++++ Material for this exercise
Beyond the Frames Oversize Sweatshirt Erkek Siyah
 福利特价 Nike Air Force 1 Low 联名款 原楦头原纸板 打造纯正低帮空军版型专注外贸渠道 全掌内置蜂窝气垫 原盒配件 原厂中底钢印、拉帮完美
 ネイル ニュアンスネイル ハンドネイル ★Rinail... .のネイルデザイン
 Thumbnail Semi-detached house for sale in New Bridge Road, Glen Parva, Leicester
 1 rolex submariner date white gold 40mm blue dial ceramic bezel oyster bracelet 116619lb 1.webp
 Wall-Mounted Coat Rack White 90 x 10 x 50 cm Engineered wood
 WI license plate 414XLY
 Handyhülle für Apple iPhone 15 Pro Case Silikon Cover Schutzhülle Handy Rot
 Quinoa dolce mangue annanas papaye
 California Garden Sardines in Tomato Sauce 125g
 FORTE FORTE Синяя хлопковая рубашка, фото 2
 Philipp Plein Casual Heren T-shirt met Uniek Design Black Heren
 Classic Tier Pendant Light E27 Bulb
++++++++
• **To do**:
The answer must contain only the lines from the one with "FORTE FORTE Синяя хлопковая рубашка, фото 2" to the end of the entries above, each written out exactly.

• **Final answer**:
 FORTE FORTE Синяя хлопковая рубашка, фото 2
 Philipp Plein Casual Heren T-shirt met Uniek Design Black Heren
 Classic Tier Pendant Light E27 Bulb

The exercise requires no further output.